I’ve heard students complain that they’ve been on a spiritual path for years, but they haven’t attained enlightenment or nirvana or whatever exalted place they thought they were going to reach. They’ve been disciplined and devout, but they still can’t walk on water. (Usually, I just tell them to get a surfboard!)
It’s called a spiritual journey for a reason. It’s a direction, not a destination.
In life, without a sense of direction, you wander aimlessly and get whatever it is that you get. When you have a direction, then you are moving toward something and you can tell whether or not you are on track.
I teach and practice Huna, an indigenous spiritual path of the Hawaiian Islands. Huna teaches that the universe has infinite knowledge. Therefore, you can never hope to learn everything. You can have goals along the way such as reading a book or attending a training. However, absorbing all of the infinite knowledge of the universe is an aim, never an end. The study of Huna or any other spiritual discipline is an aim. Spirituality is an aim.
In career or physical health development, you might have an end goal or destination.
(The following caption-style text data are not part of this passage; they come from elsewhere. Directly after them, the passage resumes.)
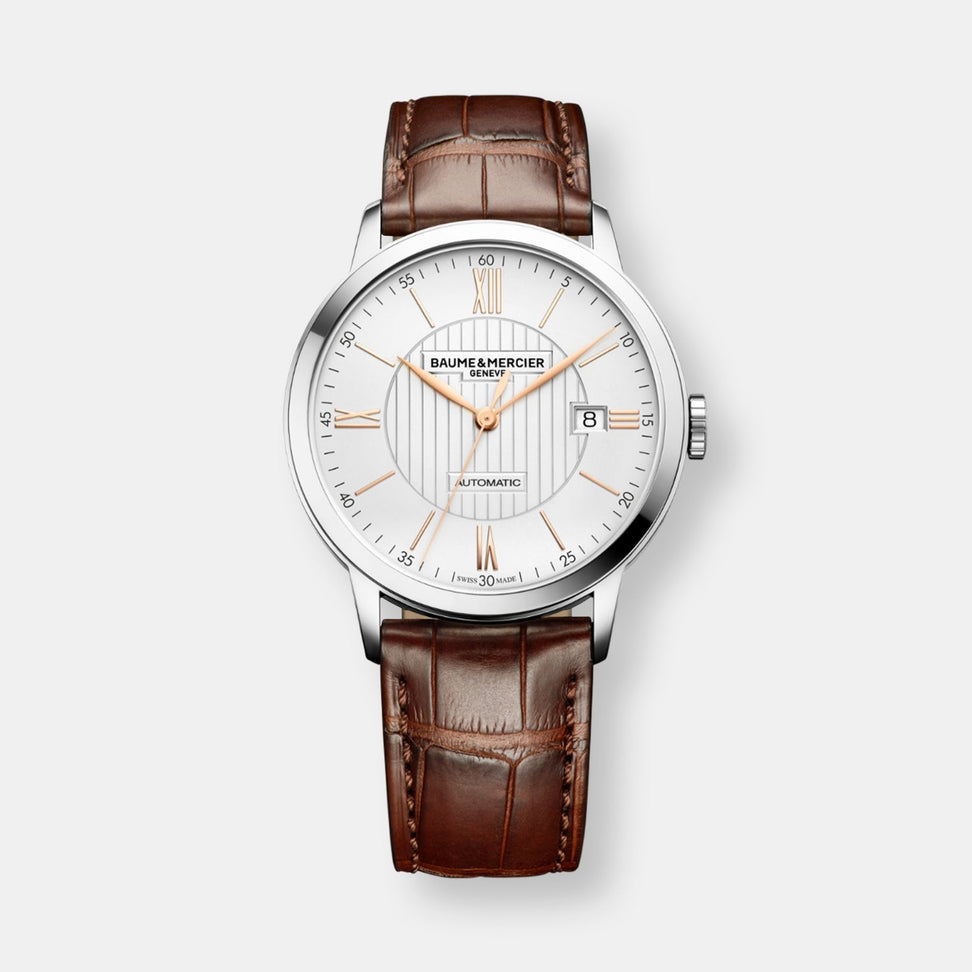 Montre classima 10263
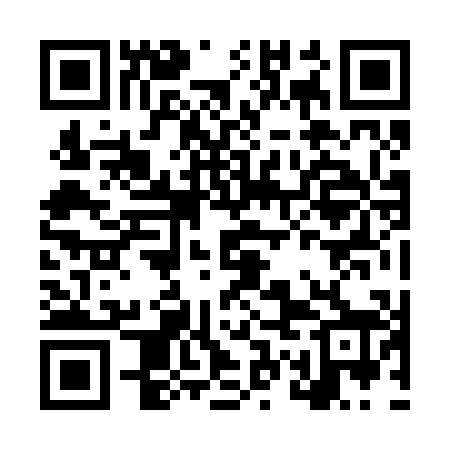 QR code for LWJ208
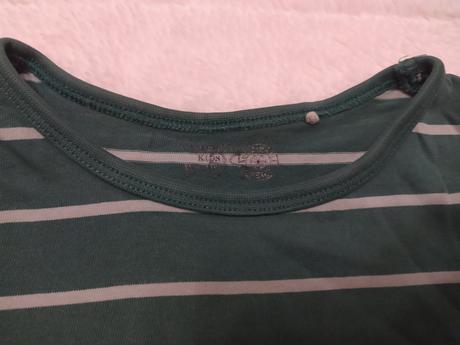 2pack lindex trička vel. 110, lindex,110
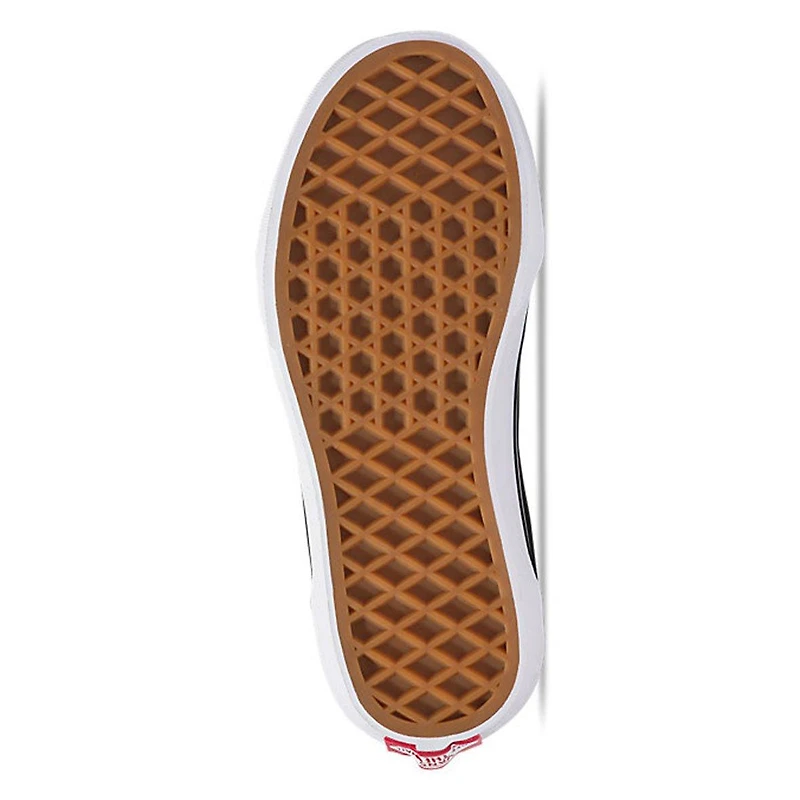 Kids' [11-4] Old Skool V Shoe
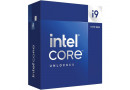 Процесор Intel Core i9-14900K (BX8071514900K) - зображення 2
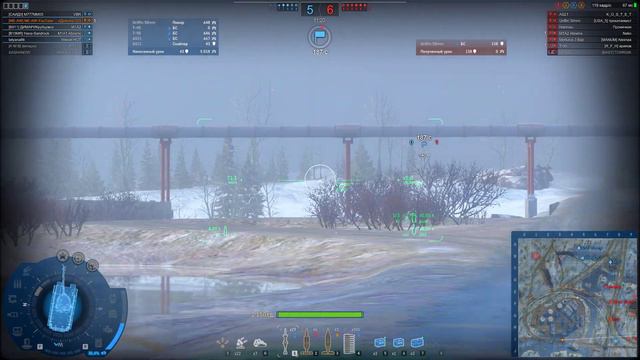 ⛔Armored Warfare: ЗАДАЧА ПОСТАВЛЕНА ! ЗАДАЧА ВЫПОЛНЕНА 12.000 УРОНА!!! смотреть онлайн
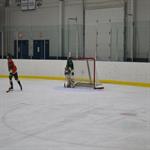 11-13 & 14-17 Teams Windup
For example, your end goal could be landing a new job or making a certain amount of money a year. You could commit to a new way of eating or a new exercise regimen. You get there, you check the box and you’re satisfied. But there is also the ability to aim in the area of career or physical development. The mindset of operating from excellence and being your best when it comes to your craft. The act of listening to your body’s needs and making those a priority can be an aim.
Relationships also have elements of both. You might begin with an initial end goal of getting into a relationship. But once you’re in one, you have to switch your thinking because relationship is a constant journey. You might have an aim, like “having a loving, fulfilling relationship” and you might hit a point where you think, “We’re there!” But life and each person in the relationship will change over time. Maintaining that aim is a constant process.
Yogis and gurus, even the Dalai Lama will tell you: Your path is an ever-expanding awareness and growth, not an endpoint. If you have clarity in your aim goals, and you establish end goals within that path as milestones, that is where you will find the most enjoyment on your journey.